Достают боржом, и Галич поёт ещё. Целое отделение. Галич считает, что пение барда — не музицирование, не наговаривание стихов, а театр. В этом театре только один актёр, а раз так, надо уметь быть на сцене долго. Разумеется, с помощью боржома.

Актёр Галич великолепный. Многие поют его песни, но так, как делает это он, не может никто.

В его исполнении становится выпуклым не только каждое слово, но и каждая буква.

... А мы баллагурим, а мы курррролессим,
Нам недррругов ллесть — как во-да из ко-ло-дца.
Но помни — по ррельсам, по рррельсам, по рррельсам
Колёсса, колёсса, колёсса, колёса...

Нет, не то. Даже если записать слова так, как их прррроизносит Галич, все равно эффекта вашего присутствия на его концерте не получится.
Галич — сатирик. И как вокруг творчества всякого сатирика, на дискуссиях затевались споры: а не лучше ли о наших недостатках говорить не так часто и не так резко, и не так открыто, и, вообще, не так уж и говорить. Казалось, будь у таких оппонентов талант, взяли бы они гитару сами и спели миленький «Старательский вальсок», слова которого придумал за них Галич:

Мы давно называемся взрослыми
И не платим мальчишеству дань,
И за кладом на сказочном острове
Не стремимся мы в дальнюю даль.

Не в пустыни, не к полюсу холода,
Не на катере к чёртовой матери...
Но поскольку молчание — золото,
То и мы, безусловно, старатели.

Промолчи — попадёшь в первачи.
Промолчи, промолчи, промолчи.

Уже в Москве я позвонил дирижёру Кириллу Петровичу Кондрашину:
— Скажите, пожалуйста, вас как профессионального музыканта не оскорбит, если барды и менестрели, слабо владеющие правилами композиции, будут широко выступать в концертных залах? Не осыплется краска с портретов великих композиторов, спой бард свою песенку с консерваторской сцены?
— Не буду говорить за великих, — ответил Кирилл Петрович, — что касается меня, то я, когда слушаю песни, о которых вы говорите, отрешаюсь от музыкальных оценок, так же, как не пытаюсь оценить отдельно слова. Я слушаю всё вместе, и всё вместе мне нравится.

Пока барды больше берут у фольклорной мелодистики, чем дают ей, но я верю, что долг они вернут.

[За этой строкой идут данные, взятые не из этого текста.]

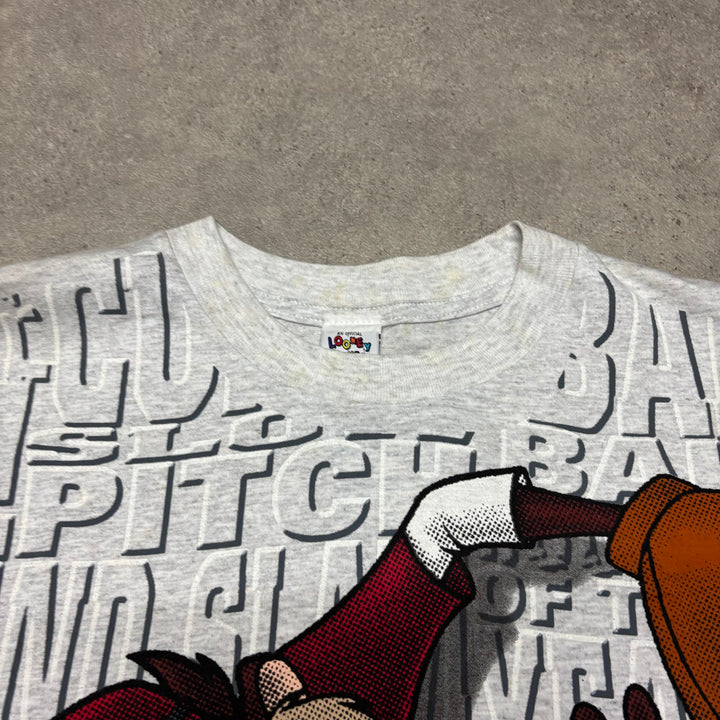 Vintage Looney Tunes Tazmanian Devil Grey Graphic T-Shirt (XL)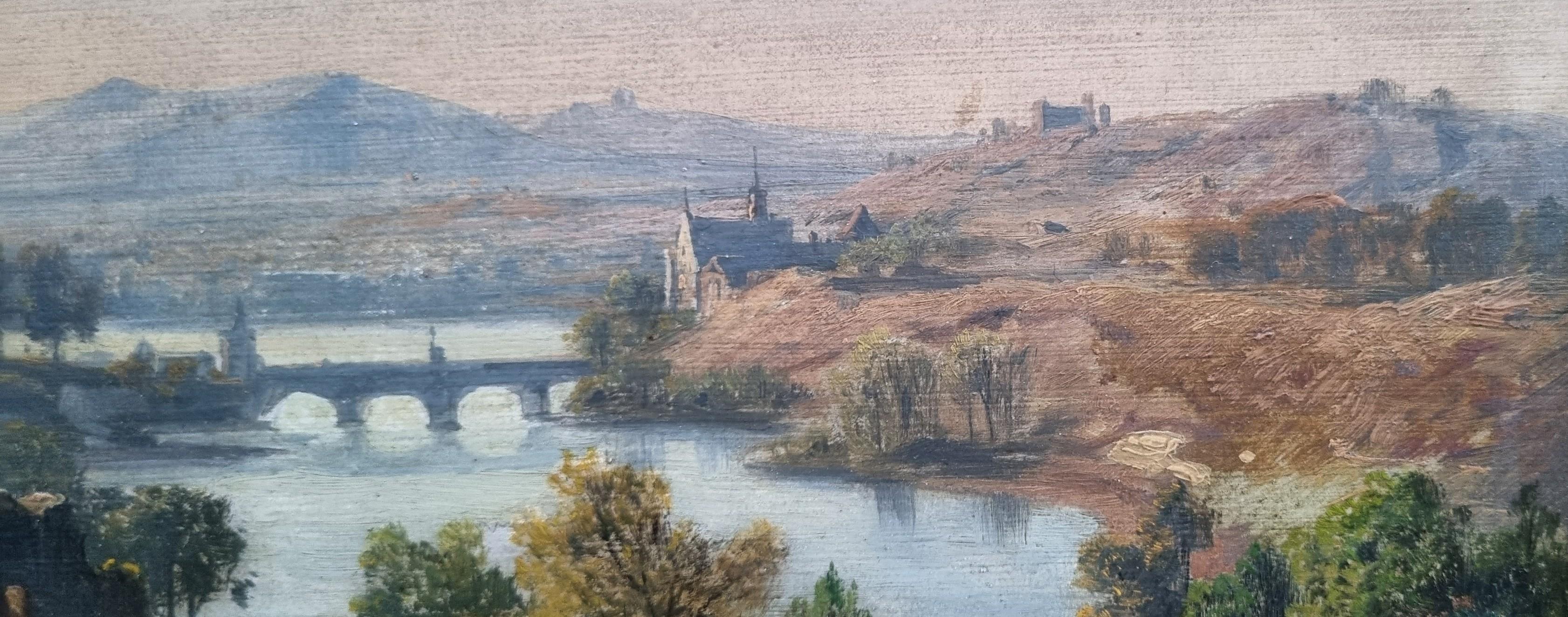 Dutch Painting Jan KOBELL Classical Landscape ruins river bridge 19th 5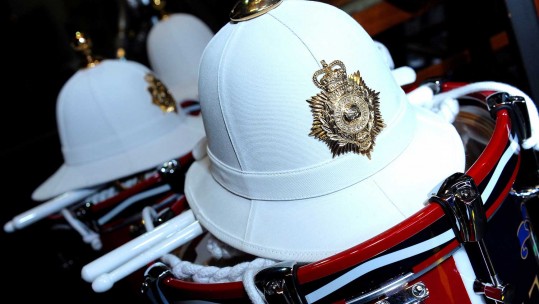 Pith helmet belonging to HM Royal Marines band member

Их мелодии станут подлинными народными безымянными мелодиями. Собственно, этот процесс уже происходит.

Однажды на концерте Галич сказал:

— Когда песня хорошая, её поют все, и автор постепенно становится неизвестным. А вот если плохая, тычут в композитора или поэта пальцем и говорят:
– Вот он, он это написал.

Для нас, живущих в конце шестидесятых годов двадцатого века, фольклор — это нечто былинно-сказочно-частушечное. Это некие душистые слова, вырезанные из бересты, сплетённые из трав, перевитые куделькой...

Современные барды выпиливают свои слова из пластмасс, металла и соединяют их проволокой. Иногда колючей.

На наших глазах создаётся народное творчество городской интеллигенции. Даже сама эта формула звучит парадоксально.

Однако если интеллигенция — часть народа, почему же её самодеятельное творчество не фольклор?

Городской гитарист и деревенский гармонист — коллеги, говоря языком первого, или брательники, выражаясь языком второго.